Polyethylene glycol (PEG) hydrogels are tunable cell culture platforms that recapitulate tissue geometry, water content, and bulk modulus. Despite these benefits, PEG hydrogels elicit an acute immune response, limiting their use in regenerative medicine, and they critically underrepresent the cell-instructive proteins found in the extracellular matrix (ECM). Here, we developed a new class of tissue-specific PEG-based materials and provided biocompatible strategies to improve the user handling and cell viability post-encapsulation when using these hydrogels. We also demonstrated that decreasing the protein fouling to PEG does not decrease the foreign body response to implanted hydrogels, a common misconception in the field.

While PEG hydrogels can easily be tuned to mimic tissue mechanics, most PEG platforms contain between 1-3 biofunctional peptide moieties, chosen to maximize cell phenotype, rather than represent features of specific tissues. This directly contrasts the complex protein signature of real tissues and neglects many properties that contribute to the function of the organ via directing cell migration, stem cell fate, and organoid development. Here, we took a tissue-centric approach to create three-dimensional cell culture microenvironments using a simple base set of materials. We characterized the mechanics and proteomics of real bone marrow and used this data to customize the design of a hydrogel made with only PEG and synthetic peptides. Bioinformatics on human tissue histology identified 20 different cell-instructive peptides that represent the protein signature of bone marrow and can be incorporated into a hydrogel matched to the compressive properties of marrow. Compared to a non-tissue specific hydrogel, our marrow-customized hydrogel provides a better niche for bone marrow-derived mesenchymal stem cell differentiation and proliferation in response to soluble cues. We also highlighted how tissue-inspired hydrogels can improve in vitro studies of cell-cell and cell-matrix interactions.

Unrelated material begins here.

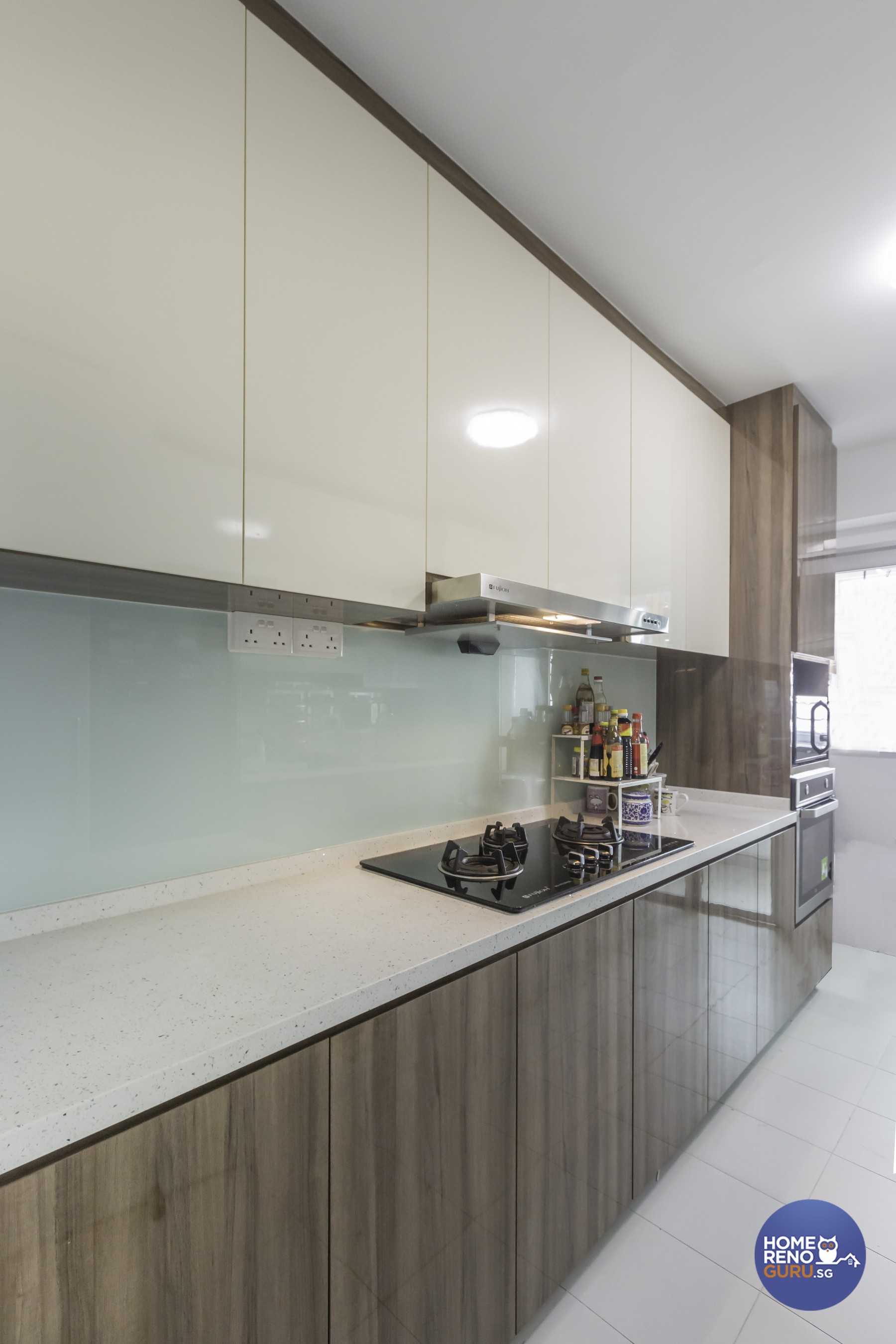 Modern Kitchen with Kitchen Backsplash and Kitchen Cabinets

PEG is a versatile material that can be used for both cell encapsulation and tissue regeneration applications. The tunability of the material provides simple incorporation of tissue-like features and an avenue to explore how material-properties interface with cells and tissue. We envision that this work can be applied to any tissue or organ, creating a new class of designer biomaterials that can be used to elucidate ECM-driven disease mechanisms that currently lack appropriate in vitro models.